Fire danger will continue in Oklahoma throughout the week.

Last week in Pottawatomie County, there were two significant grass fires. The one in Maud reportedly burned around 60 acres and the Tecumseh fire department responded to several calls involving grass fires.

Statewide, the Oklahoma Forestry Services and the National Weather Service are closely monitoring weather conditions.

Western Oklahoma continues to be fall into the high-risk category in the beginning stages of wildfire season.

The Fire Situation Report issued by the Oklahoma Forestry Services for Jan. 29 indicates western Oklahoma and the panhandle will see the greatest risk of wildfires through Wednesday. With winds expected in the 15-30 mph range and gusts up to 35 mph, rapid to extreme rates of fire spread are possible.

That same report shows there were two fires in the east central part of the state that burned 5.5 acres. There were 10 fires in the northeast portion of the state that burned an estimated 148.1 acres.

The Tecumseh Fire Department responded to four small grass fires along Highway 9 around 10 p.m.
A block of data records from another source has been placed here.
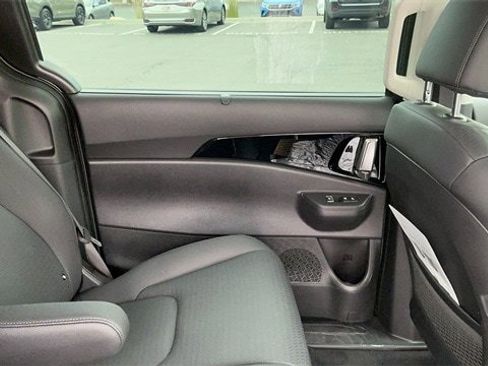 New 2025 Kia Carnival SX Prestige image 5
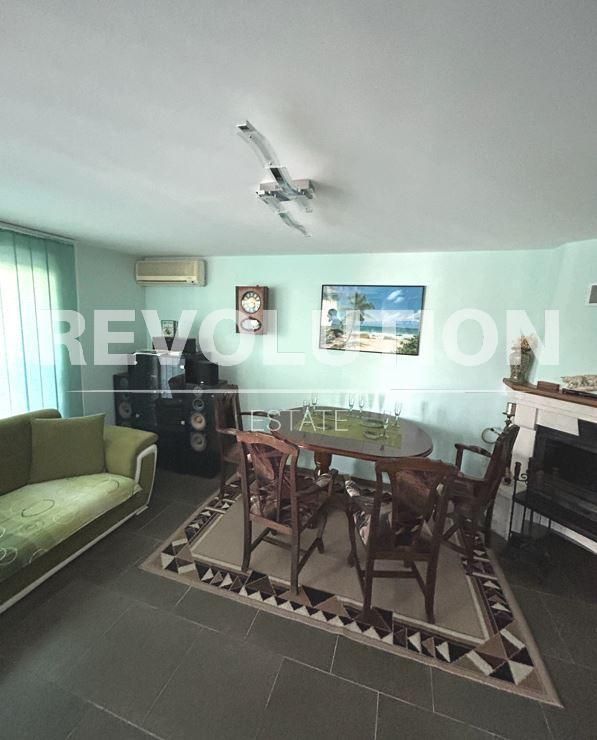 Дава се под наем Къща в к.к. Златни пясъци - 360 кв.м за 2300 € - Снимка #6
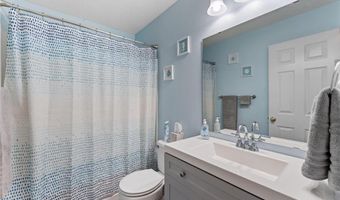 6738 158th St W, Apple Valley, MN 55124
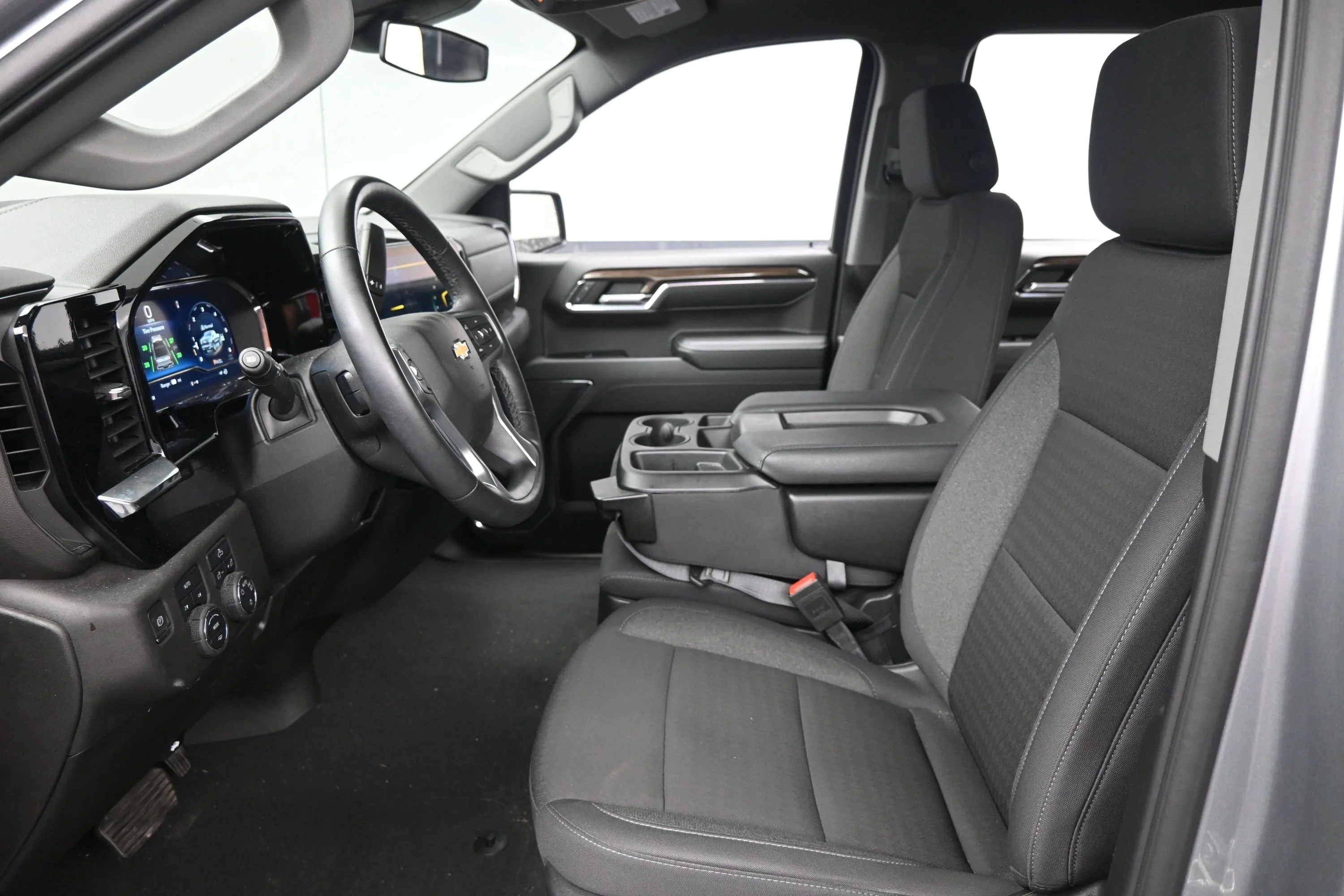 Used 2024 Sterling Gray Metallic Chevrolet LT image 9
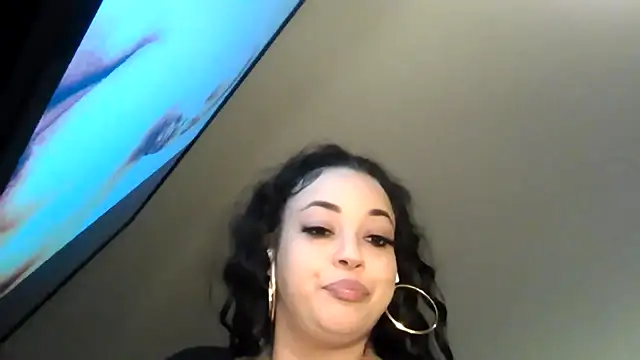Snapshot of StephanieDaBeauty chatting on February 19, 2025, 7:39 am StephanieDaBeauty online show from February 19, 2025, 7:39 am
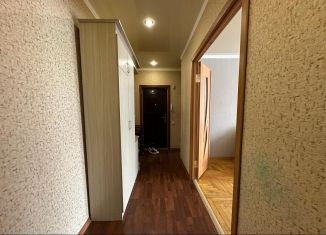 Продам 3-комнатную квартиру, 70 м2, Армавир, 8-й микрорайон, 2/1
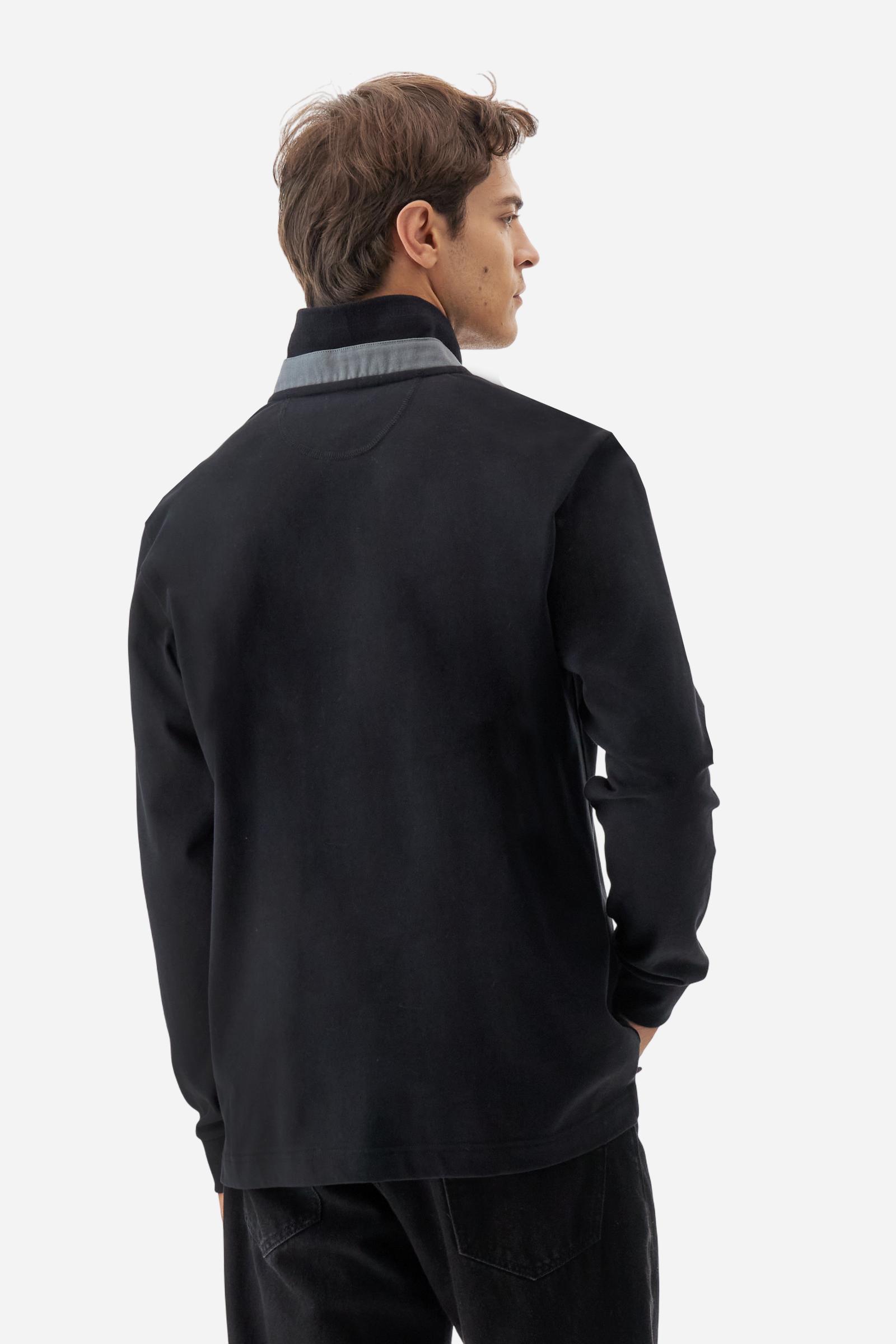 Long-sleeve polo shirt in warm cotton jersey. Ribbed collar with subtle textured detail, contrast undercollar and placket. Logo and Guards crest embroidered in contrast on the chest, paired with raised embroidered lettering inspired by Windsor tradition and British polo. Regular fit for an elegant yet relaxed style. Model wears size L. - Black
Sunday, but those fires were contained by Tecumseh and Earlsboro Fire Departments, Tecumseh Fire Chief Aaron Williams said.

In a special note to the public, the Oklahoma Forestry Services said that many folks over the weekend elected to burn brush piles, conduct prescribed burns and burn other debris. With critical fire weather in the forecast and including strong winds and very repetitive fuels such as grass and leaves, they are asking that those fires are completely out.
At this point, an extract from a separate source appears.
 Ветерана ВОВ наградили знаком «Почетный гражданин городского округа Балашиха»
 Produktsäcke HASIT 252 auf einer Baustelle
They suggest thoroughly dousing brush and debris burns with water to they point that they are dead out. Check any burns from previous days for residual heat and stirring water thoroughly through the ashes.
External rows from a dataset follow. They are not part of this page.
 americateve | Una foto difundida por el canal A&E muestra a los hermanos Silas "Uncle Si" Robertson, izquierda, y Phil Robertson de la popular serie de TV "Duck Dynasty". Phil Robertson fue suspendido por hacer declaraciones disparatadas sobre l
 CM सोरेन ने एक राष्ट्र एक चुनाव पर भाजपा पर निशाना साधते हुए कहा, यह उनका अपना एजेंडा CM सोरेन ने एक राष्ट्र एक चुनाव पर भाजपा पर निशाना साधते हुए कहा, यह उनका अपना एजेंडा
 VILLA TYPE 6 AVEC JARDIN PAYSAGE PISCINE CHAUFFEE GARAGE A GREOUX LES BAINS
Pottawatomie County is not currently under a burn ban.

In 2010, Governor Brad Henry approved House Bill 3210, which modified the Oklahoma Forestry Services Code to empower Boards of County Commissioners to ban outdoor burning for up to a 30-day period.

Prior to passage of a burn-ban resolution, the Pottawatomie CountyBoard of County Commissioners must declare the existence of extreme fire danger. As defined in the law, extreme fire danger means:

1. Severe, extreme, or exceptional drought conditions exist within the county as determined by the National Oceanic and Atmospheric Administration.

2. No more than one-half (1/2) inch of precipitation is forecast for the next three (3) days by the National Weather Service.

3. Fire occurrence is significantly greater than normal for the season and/or initial attack on a significant number of wild and fires has been unsuccessful due to extreme fire behavior.

4. Where data is available, more than twenty percent (20%) of the wildfires in the county have been caused by escaped debris burning or controlled burning.